• TASK DESCRIPTION:
What you produce should be the lines from the line containing "#wedding #weddingcelebration #weddingcelebrations" through the last line below, both ends included, reproduced exactly and without pictures.

____ GIVEN DATA

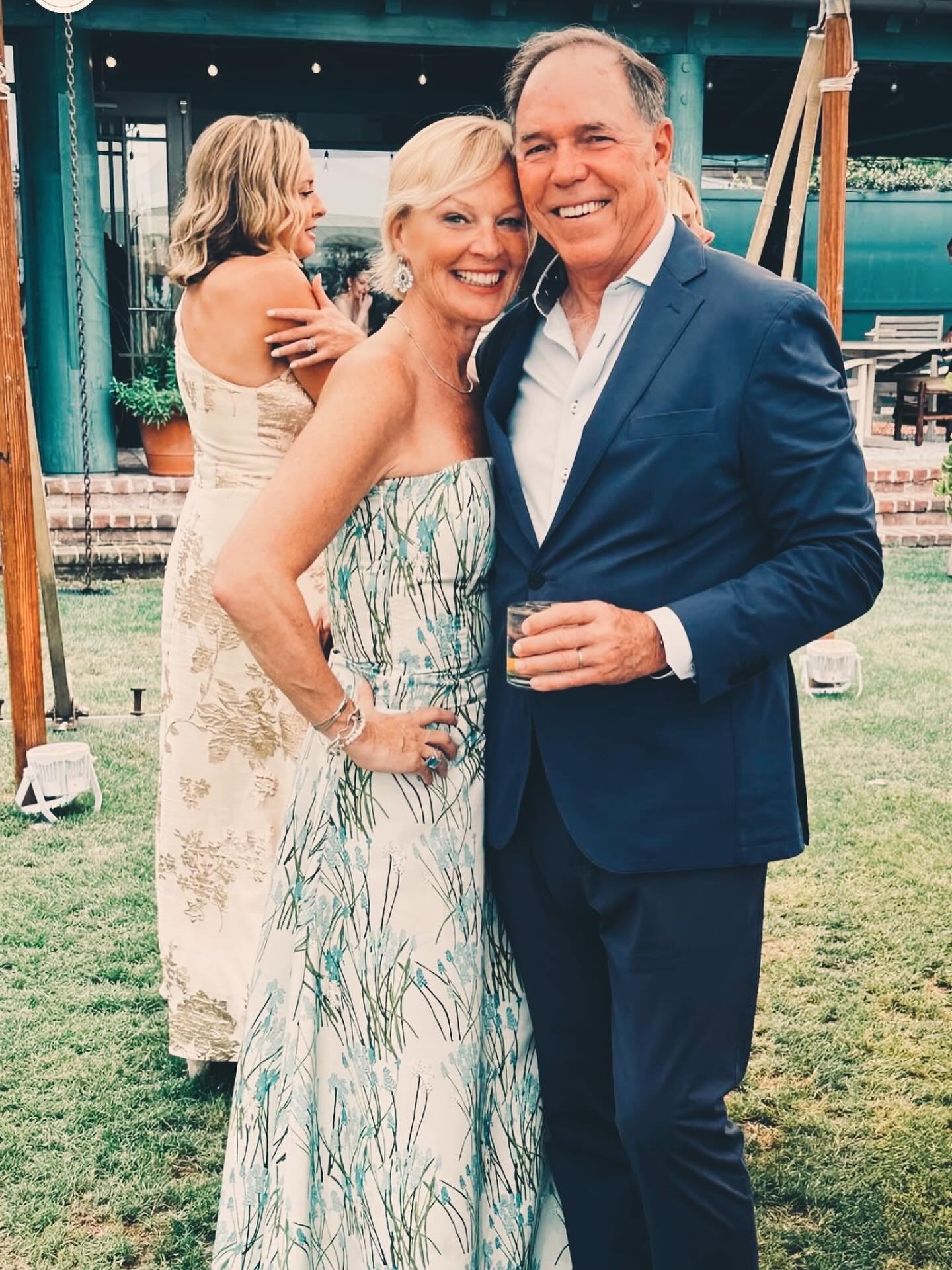 Celebrating the newlyweds!
&bull;
#wedding #weddingcelebration #weddingcelebrations #newlyweds #lowcountrylife #lowcountryliving #weddingweekends #ctinteriordesign #ctinteriordesigner #naturallybeautiful #coastalliving #naturallybeautifulliving #hous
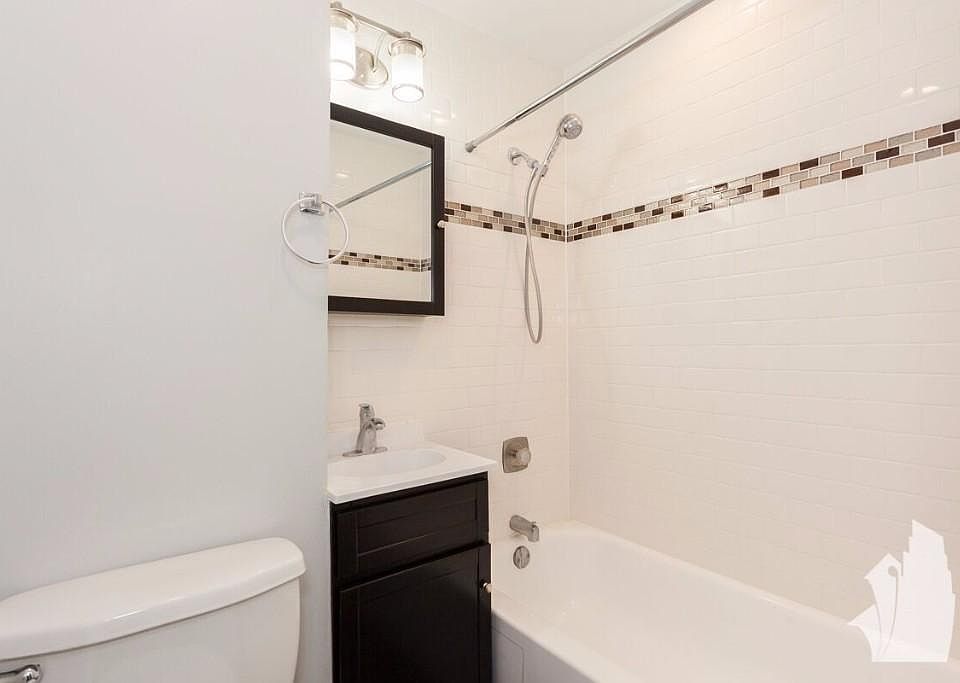 1st image of 4522 N Clarendon Ave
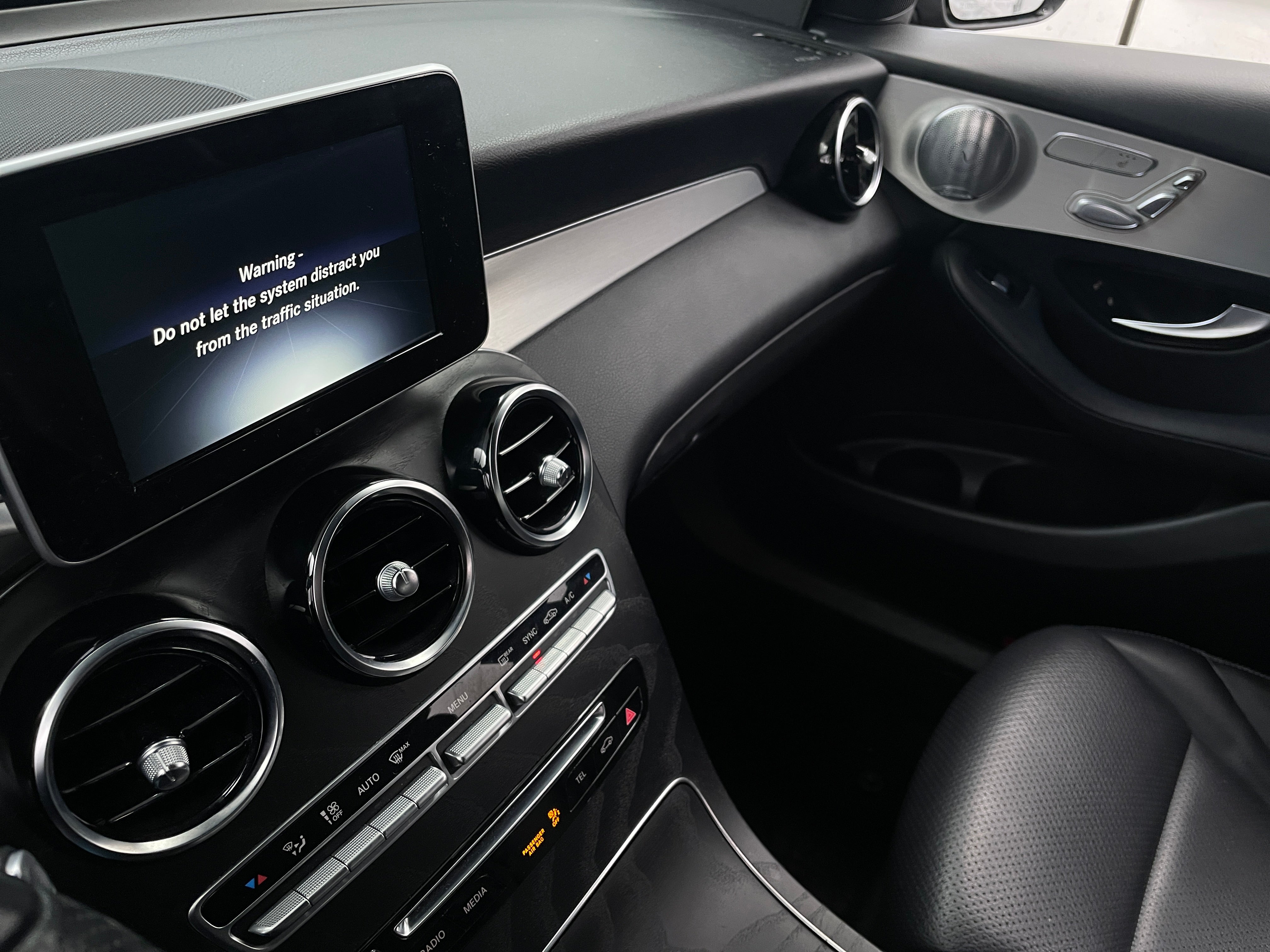 2019 Mercedes-Benz GLC 300 3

________

• EXERCISE RESULT:
#wedding #weddingcelebration #weddingcelebrations #newlyweds #lowcountrylife #lowcountryliving #weddingweekends #ctinteriordesign #ctinteriordesigner #naturallybeautiful #coastalliving #naturallybeautifulliving #hous
 1st image of 4522 N Clarendon Ave
 2019 Mercedes-Benz GLC 300 3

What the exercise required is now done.